AUTOMATING ESTIMATION OF WARM-UP LENGTH

DrKaty Hoad

Professor Stewart Robinson

Professor Ruth Davies

WarwickBusinessSchool

University of Warwick

Coventry

, ,

ABSTRACT:

There are two key issues in assuring the accuracy of estimates of performance obtained from a simulation model. The first is the removal of any initialisation bias, the second is ensuring that enough output data is produced to obtain an accurate estimate of performance. This paper is concerned with the first issue, warm-up estimation. Specifically, this paper will describe a continuing research project that aims to produce an automated procedure, for inclusion into commercial simulation software, for estimating the length of warm-up and hence removing initialisation bias from simulation output data.
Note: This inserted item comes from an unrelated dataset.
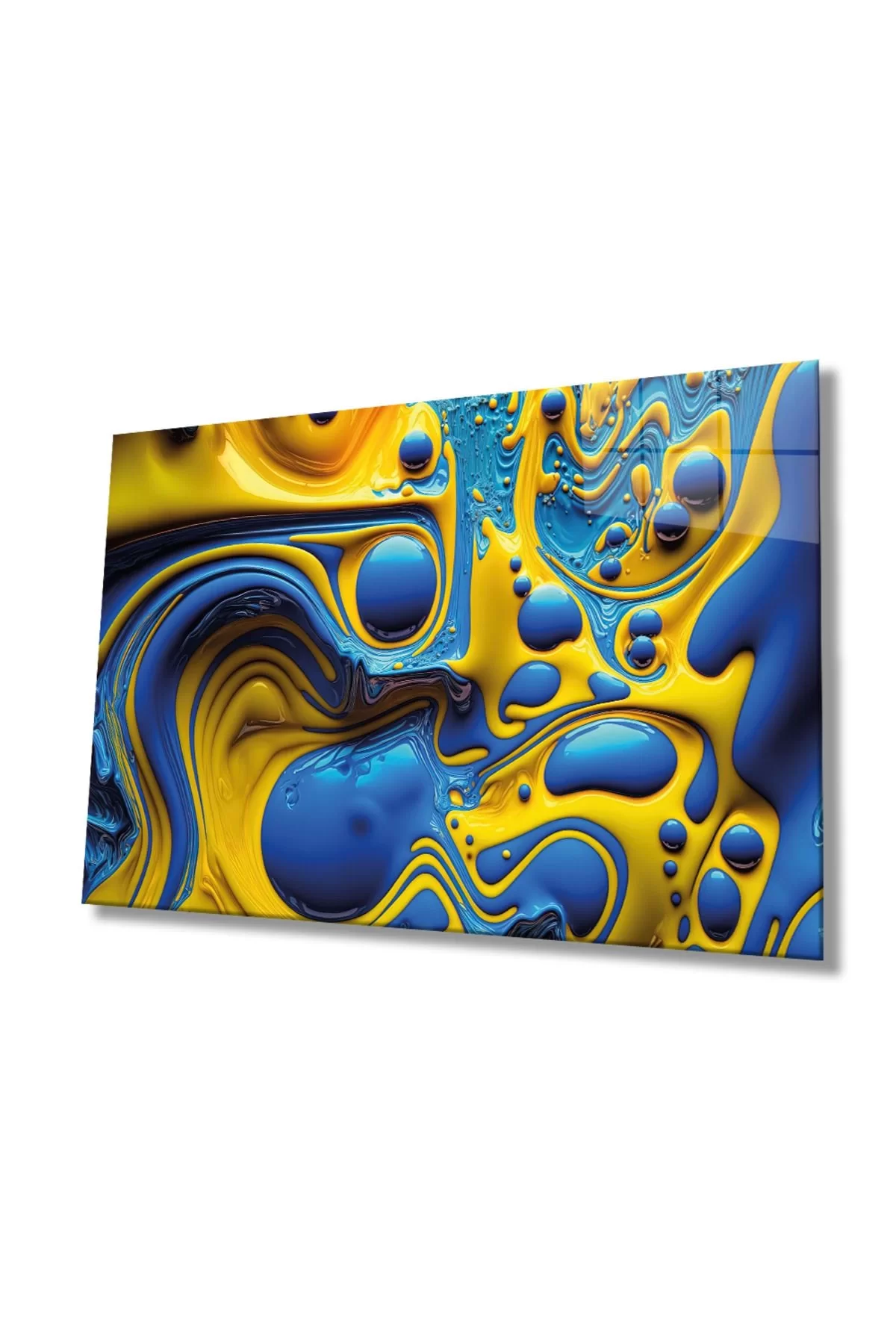 Blue Yellow Abstract Glass Painting, Home And Office Wall Decoration,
Keywords: Warm-up, initialisation bias, truncation point

1. INTRODUCTION

The removal of initialisation bias applies to non-terminating simulations and some terminating simulations. Initialisation bias occurs when a model is started in an ‘unrealistic’ state. For instance, if a week’s production schedule is simulated it may be wrong to assume that there is no work-in-progress on the Monday morning. If we were to simulate the lunch time period of a shop it would be wrong to ignore the customers who may already be in the shop at the start of the period of interest. The output data collected during the warming up period of the simulation can therefore be misleading and bias the estimated response measure.

There are five main methods for dealing with initialisation bias (Robinson, 2004):

1. Run-in model for a warm-up period until it reaches a realistic condition (steady state for non-terminating simulations). Delete data collected from the warm-up period.

2.Set initial conditions in the model so that the simulation starts in a realistic condition.

3.Set partial initial conditions then warm-up the model and delete warm-up data.

4.Run model for a very long time making the bias effect negligible.

5.Estimate the steady state parameters from a short transient simulation run(Sheth-Voss et al., 2005).

This project uses the first method; deletion of the data with initial bias by specifying a warm-up period. The key question is “How long a warm-up period is required?”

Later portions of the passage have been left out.